Petitioners thesis is that respondent Judge has no authority on his own motion to hear
and determine proceedings for disbarment or suspension of attorneys because jurisdiction
thereon is vested exclusively and originally in the Supreme Court and not in courts of
first instance. Petitioner also contends that assuming arguendo that courts of first instance
have such authority, the procedure outlined in Rule 139 of the Revised Rules of Court
should govern the filing and investigation of the complaint.

Petition is bereft of merit.

When it appears by acts of misconduct that he has become unfit to continue with the trust
reposed upon him, his right to continue in the enjoyment of that trust and for the
enjoyment of the professional privilege accorded to him may and ought to be forfeited.
The law accords to the Court of Appeals and the Court of First Instance the power to
investigate and suspend members of the bar.

Section 28, 29 and 30 of the Rule 138 of the Revised Rules of Court are applicable in the
case at bar.

Disciplinary proceedings involve no private interest and afford no redress for private
grievance. They are undertaken and prosecuted solely for the public welfare. They are
undertaken for the purpose of preserving courts of justice from the official ministration of
persons unfit to practice in them. The attorney is called to answer to the court for his
conduct as an officer of the court.
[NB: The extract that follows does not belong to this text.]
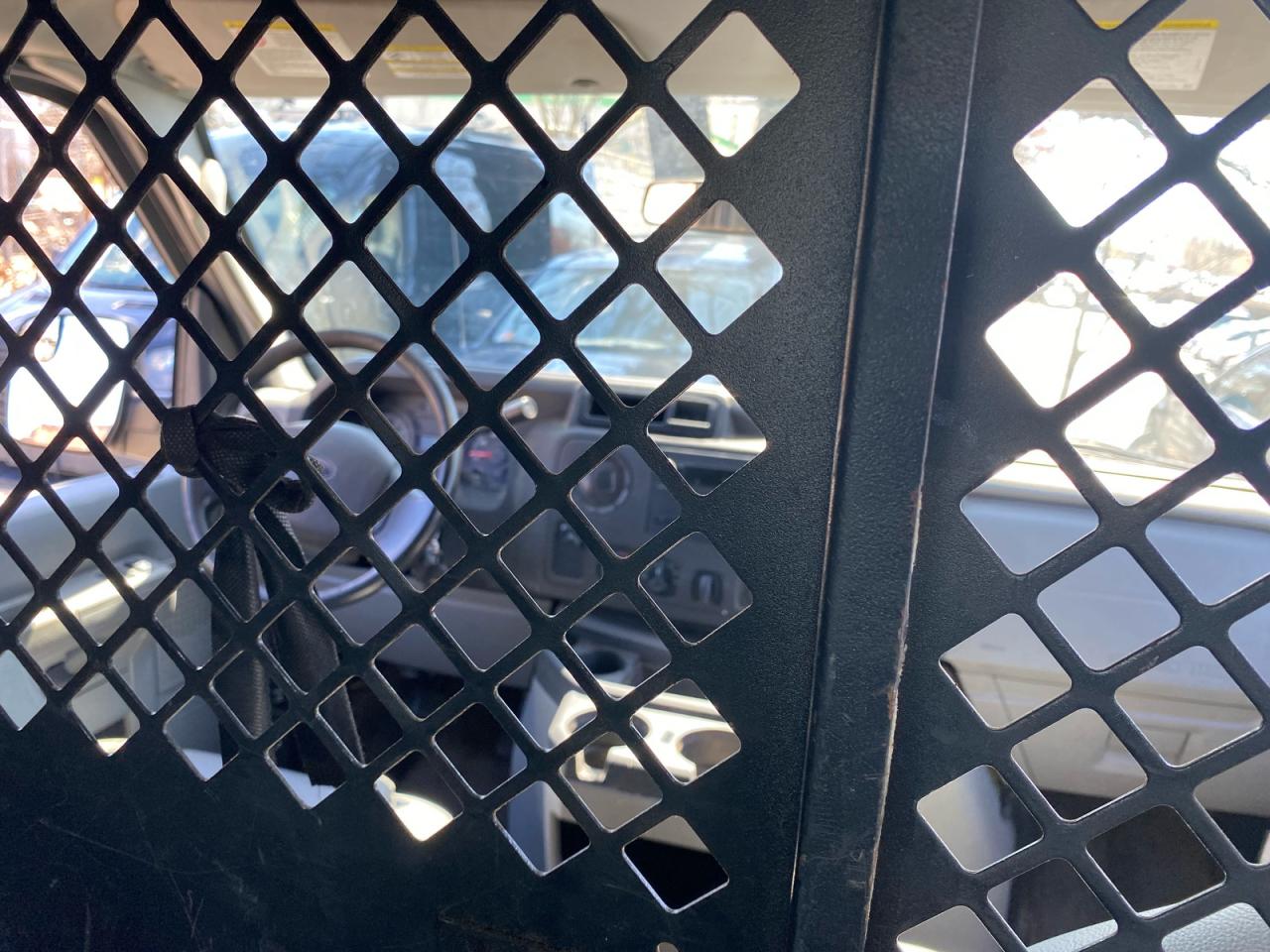 FORD ECONOLINE E250 VAN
The complainant or the person who called the attention
of the court to the attorneys alleged misconduct is in no sense a party, and has
generally no interest in the outcome except as all good citizens may have in the proper
administration of justice. The court may therefore act upon its own motion and thus be
the initiator of the proceedings, because, obviously the court may investigate into the
conduct of its own officers.Indeed it is not only the right but the duty of the Court to
institute upon its own motion, proper proceedings for the suspension or the disbarment of
an attorney, when from information submitted to it or of its own knowledge it appears
that any attorney has so conducted himself in a case pending before said court as to show
that he is wanting in the proper measure of respect for the court of which he is an officer,
or is lacking in the good character essential to his continuance as an attorney.

The investigation by the Solicitor General in Section 8 of Rule 139 refers to complaints
referred to said office by this Court and not to investigations in suspension proceedings
before the Court of Appeals or Courts of First Instance, because Sections 28 to 30 of Rule
138 authorize said courts and confer upon them the power to conduct the investigation
themselves, subject toanother and final investigation by the Supreme Court in the event
of suspension of the lawyer. On the basis of the certified copy of the order of suspension
and the statement of the facts upon which the same is based, required by Section 29 of
Rule 138, the Supreme Court shall make full investigation of the facts involved and
make such order revoking or extending the suspension or removing the attorney from his
office as such, as the facts warrant.
WHEREFORE, the present petition is denied, and the writ of preliminary injunction
previously issued by this Court is ordered dissolved, with costs against petitioner.